Friday, August 24, 2007

My British tour diary

I wrote this in my journal this morning:
To repeat an often-heard phrase from this morning's commute, this is absolutely bloody awful. I am exhausted (it being 5am EST) and did not sleep at all on the plane. I have been in transit for more than two hours, and have gotten lost, bungled the connection, and otherwise fallen further into this hole of self-pity and desperation. At least I don't have both of my big bags with me, as I left one of them at the airport in Left Luggage storage. I hope I get there soon.

It is 4:10 pm London time, and I am now sitting in the pub, feeling tired but not nearly as desolate. I finally found my way through a street lined with open-air vegetable and fabric and all other kinds of stands. It seems that this is an ethnically diverse neighborhood, so that's neat. Then, I got to sleep on the common room couch for a few hours, and that did amazing things for my morale. I was absolutely exhausted. And now I suppose that I will explore the neighborhood with a girl from Texas who is also traveling alone.
I am having a hard time typing on this computer because the shift key is a little bit different. I'll live, I suppose. Or maybe just stop using caps?
I have a headache, and I'm tired of typing, so I'm going to try to find something to eat. I got here all in one piece, although my trip has been an exercise in patience. Hopefully the next few days will be much more refreshing.

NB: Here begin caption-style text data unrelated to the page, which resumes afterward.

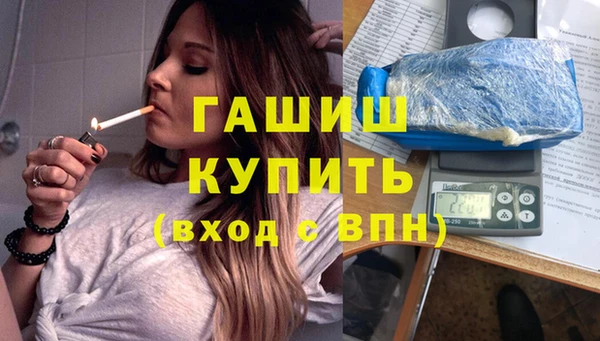 альфа пвп VHQ Богородск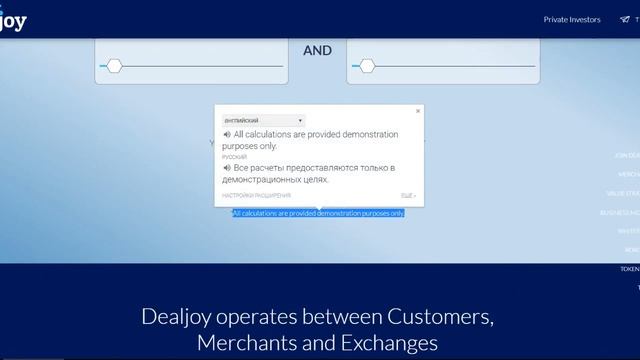 Проект ICO на блокчейн dealjoy Часть 2 смотреть онлайн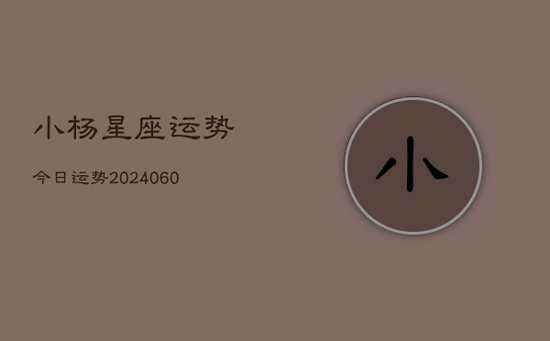 小杨星座运势今日运势(20240605)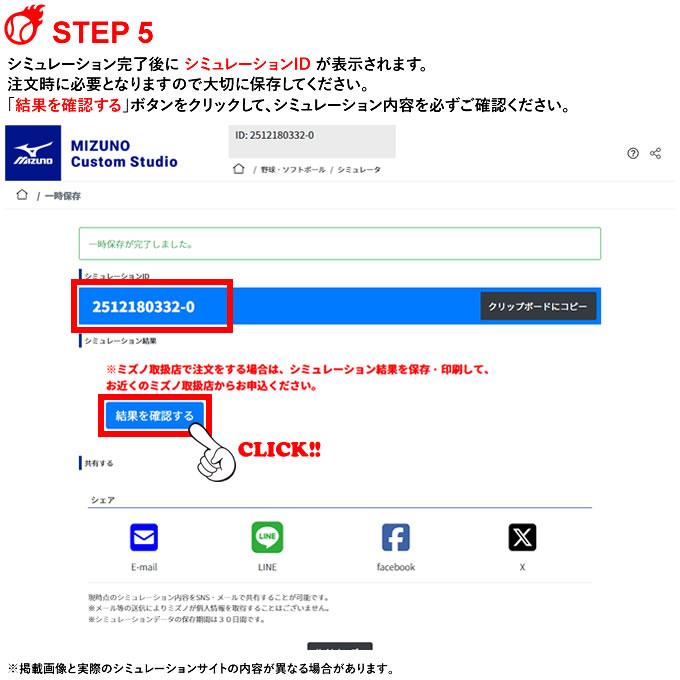 MIZUNO（ミズノ） ＜受注生産＞ デザインプリントオーダー ロングT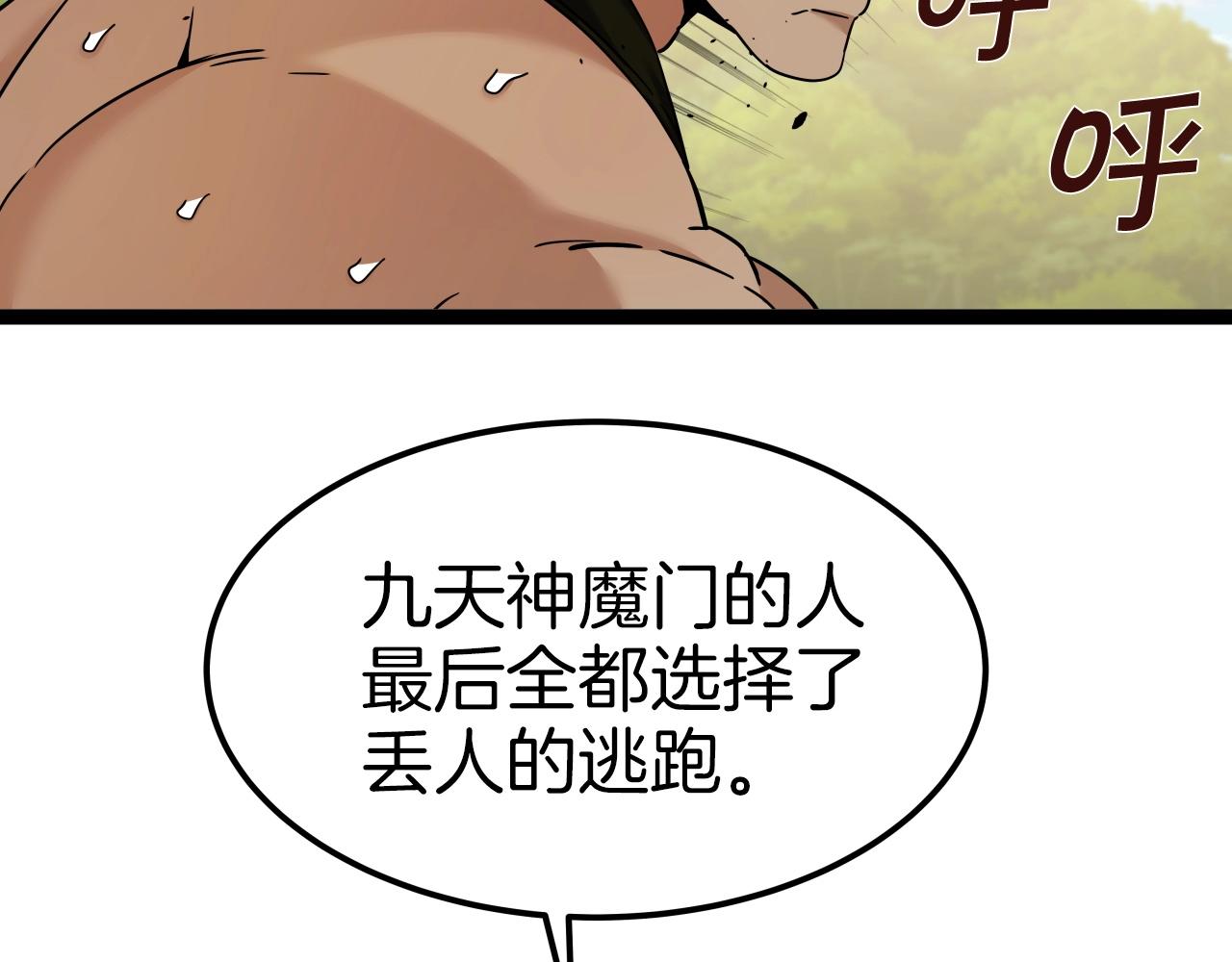 第48话 逃跑结局150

Wednesday, August 22, 2007

Let's get out of this country!

I am leaving tomorrow! I have been walking around in a daze today, unable to focus but desperately trying to concentrate on the task ahead. At 5:44 am tomorrow morning, I will depart from Grand Rapids. My friend Brian is taking me to the airport. He assures me that it will be no inconvenience- he just won't go to bed until after he drops me off. I marvel at his version of college-aged insomnia.
This week in Grand Rapids has been good for me. I am reassured of my place in the world, and happy to be in with people who are happy to be around me. More than that, though, it has been a segue to the next step, and then the next, and finally, I will find myself in Ghana, wondering where the time went.
Really, this post is just a filler- a fluffy note to reassert the fact that I am still alive and moving.
I need to buy an address book, because I have recently realized how dependent I am upon my phone and computer to save information. I will have neither phone nor personal computer in Ghana. Yikes! It will be an adjustment, but not necessarily a bad one.